= David Howard (ballet teacher) =

English ballet dancer and teacher

David Howard (born David Charles Edwards) (14 June 1937 – 11 August 2013) was an English ballet dancer and teacher, who taught internationally at institutions such as the Royal Ballet, the American Ballet Theatre, San Francisco Ballet, Joffrey Ballet, and the National Ballet of Canada. Howard opened his popular eponymous dance studio in New York City, the David Howard School of Ballet (later the David Howard Dance Center) in 1977, before its closure in 1995. His dance center welcomed all students including children, adult beginners and professionals from the Broadway musicals and ballet. In addition to his teaching, Howard was an expert on the history of the pointe shoe worn by ballet dancers, and a pioneer in their design.

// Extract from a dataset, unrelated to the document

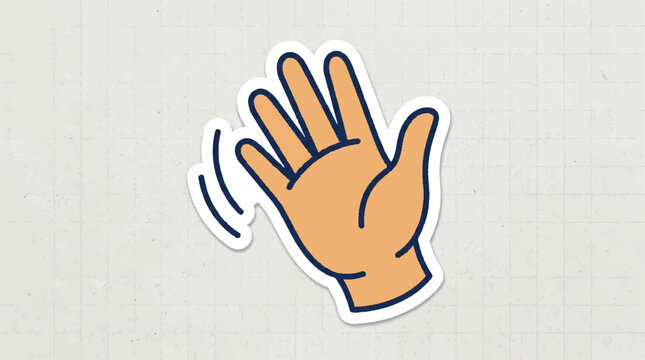Cartoon waving hand emoji illustration depicting a friendly hello or goodbye gesture.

As a boy, Howard studied dance and won the Royal Academy of Dance's Adeline Genée Silver Medal aged 16. When he registered with the British performing artists' union, Equity, he found that a David Edwards was already a member, and so he had to call himself David Howard. Howard later became a dancer in the London Palladium chorus, appearing in shows featuring Julie Andrews, Marlene Dietrich and Danny Kaye. Howard was a soloist at the Sadler's Wells Theater Ballet, the forerunner of the Birmingham Royal Ballet. From the Royal Ballet he briefly joined the National Ballet of Canada, and returned to london in the early 1960s. Howard performed in musicals in London before a back injury ended his performing career, and began to train as a hairdresser, which further hurt his back.

Howard continued to teach dance and in 1966 Howard was contacted by the oil heiress Rebekah Harkness, who was looking for teachers for her ballet school, the Harkness Ballet in New York City. Howard left to teach in her school in Manhattan, where he lived for the rest of his life. Of his move to the United States Howard said that he "...came as an upstart and ended up a part of the American dream." Howard later taught at two dance schools in Manhattan, Steps on Broadway and the Broadway Dance Center. He also taught internationally and created 125 instructional dance CDs and DVDs.

His teaching style was described by The New York Times as "...a kinaesthetic approach, in which dancers were taught to rely less on external feedback from the mirror and more on the minute internal signals that telegraph the position of the head, limbs and torso in space". Howard said of dance that "Out of the feeling comes the form...Ninety percent of the time students are taught the form first. And then they're expected, through some act of God, to get the feeling." Howard's pupils included Gelsey Kirkland, Patricia McBride and Mikhail Baryshnikov. McBride paid tribute to Howard describing him as "...one of the great teachers of our day, for many, many years," and Baryshnikov said of Howard that "He was a kind of father figure for people like me and like Gelsey."